Z.L Ni et al.24) inserted an Al 2219 alloy particle layer between a 0.5 mm thick copper sheet and a 1.0 mm thick aluminum sheet and welded them using ultrasonic welding after changing the top/bottom plate materials. They discovered that when aluminum was positioned on the horn side, the joint shear strength was 27.3 MPa higher. This was attributed to aluminum having a lower thermal conductivity than copper, causing the Al 2219 alloy particles to press deeper into the aluminum sheet and undergo more plastic deformation.

3.4 Effect of Pre-heating

Luo et al.25) proposed that in multilayer ultrasonic welding, pre-heating softens the material, enabling the sonotrode horn to compress and vibrate multiple sheet layers more effectively, thereby enhancing the stability of the welding process. They layered three 0.2 mm thick nickel-plated copper sheets atop a pre-heated 0.9 mm thick nickel-plated copper sheet, which was pre- heated on a heating plate, and then conducted ultrasonic welding. The significance of pre-heating was found to decrease as the process progressed. The joint strength improved under welding energy conditions of 1,600-2,000 J and optimal pre-heating temperature of 100°C. However, with welding energy exceeding 2,000 J, the effect of pre-heating diminished alongside severe plastic deformation. Additionally, while preheating improved the joint strength of the lower interface, it had little impact on the upper interface.

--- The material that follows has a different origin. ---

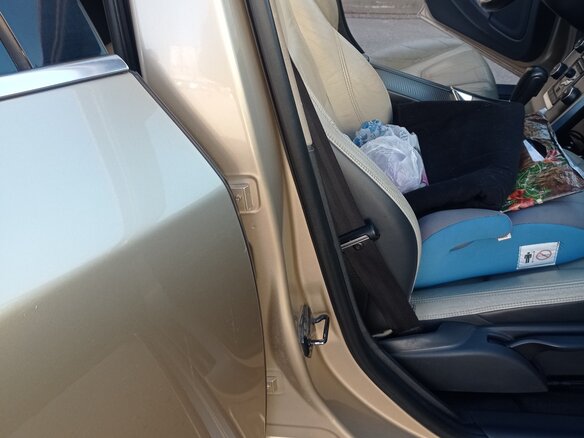 2012 Volvo S60 II, жёлтый, 800000 рублей - вид 14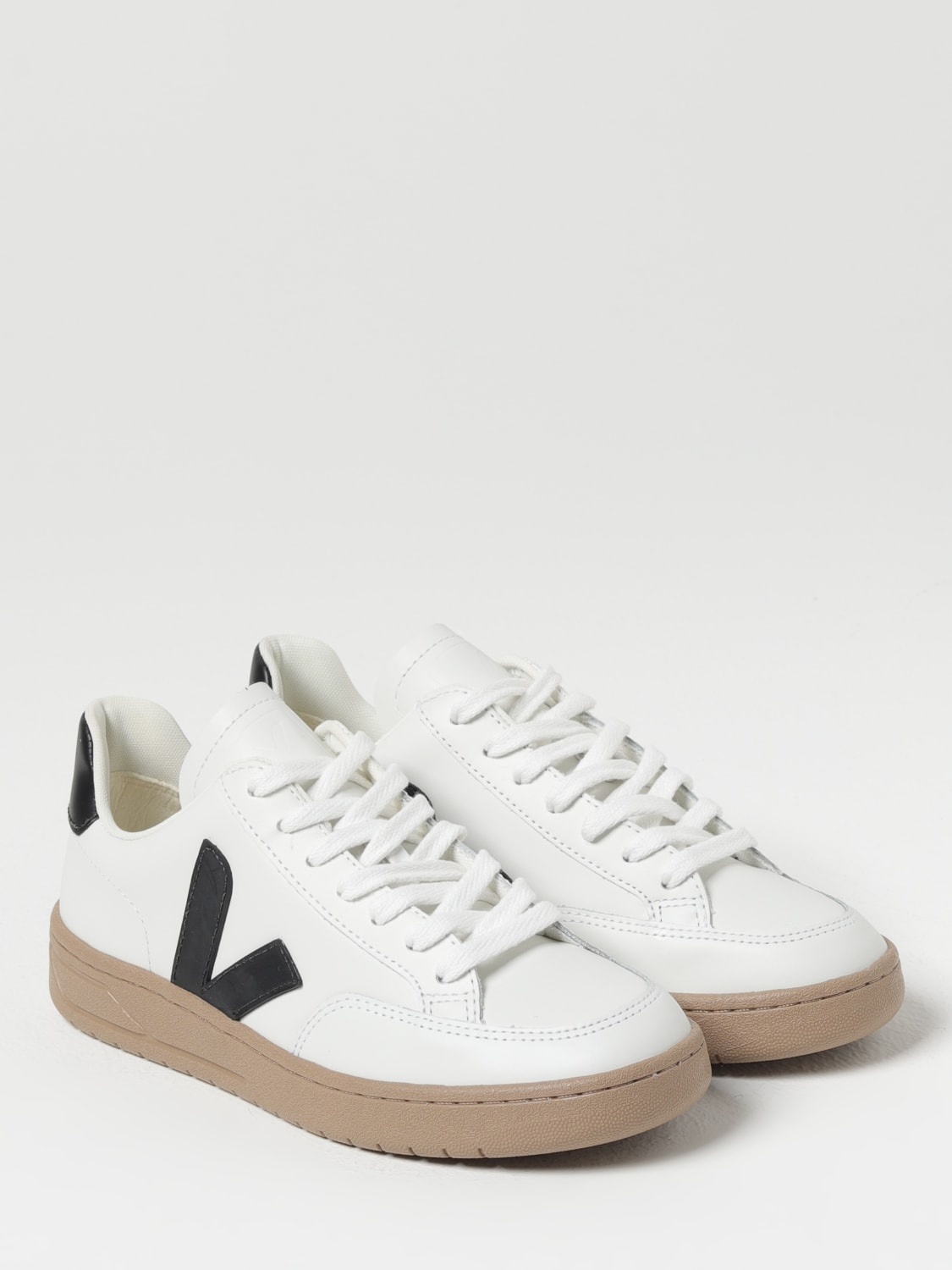 Sneakers woman Veja - 2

3.5 Ultrasonic Welding Monitoring

Ma et al.26) utilized a high-frequency displacement sensor to verify the quality of ultrasonic welding of three 0.2 mm thick nickel-plated copper sheets and one 0.8 mm thick nickel-plated copper sheet by monitoring the displacement signals of the sonotrode horn. Using an online monitoring technique, they investigated the influence of ultrasonic process variables, including welding time, amplitude, and compression force, on the displacement signals. The y-axis in Fig. 4 represents the vertical displacement of the sonotrode horn, equivalent to the compression of the copper sheet. Based on displacement velocity, the displacement curve is divided into a three-stage theory (Stage I, Stage II, Stage III). In the first stage, rapid displacement increase occurs as the sonotrode horn penetrates the top copper tab. In the second stage, the sonotrode horn fully penetrates the copper tab, inducing plastic deformation, and work hardening starts, gradually increasing the horn’s displacement. In the third stage, accumulated heat induces recrystallization, and due to the softening effect, displacement increases rapidly. Fig. 5 displays the corresponding cross-sectional images.

Fig. 4

The average displacement signal of three repeats of: The displacement-time curve26)

Fig. 5

The cross-section images of samples, (a) welding time of 0.2 s (b) welding time of 0.4 s (c) welding time of 0.6 s (d) welding time of 0.8 s26)

For a welding time of 0.2 seconds, there were noticeable gaps observed at the second interface, and no joint was formed. At 0.4 seconds, joints formed on all interfaces, but the mechanical interlocking was limited, resulting in weak joint strength. At 0.6 seconds, the nickel plating began to deteriorate due to interfacial friction, leading to copper-to-copper bonding. By 0.8 seconds, the nickel plating was fragmented with rough particles observed due to recrystallization. Fig. 6 provides a schematic of the joint formation process at each layer of the multi-layered structure, which is, similar to Fig. 4, divided into three stages of ultrasonic welding (S1, S2, S3).

Fig. 6

Joint formation at top, middle, and bottom interfaces and optical micrograph of a sample produced at 600 J using the small tip25)

Bond formation at the interface undergoes these three stages, but they are not simultaneous in occurrence. At the upper interface, due to increased plastic deformation and temperature rise, the three stages of ultrasonic welding commence even at lower welding energies. The duration of each stage is short, making them challenging to observe. The middle interface requires more welding energy to start the first stage (S1) compared to the upper interface. Conversely, the lower interface necessitated the highest welding energy for all stages when compared to the upper interface.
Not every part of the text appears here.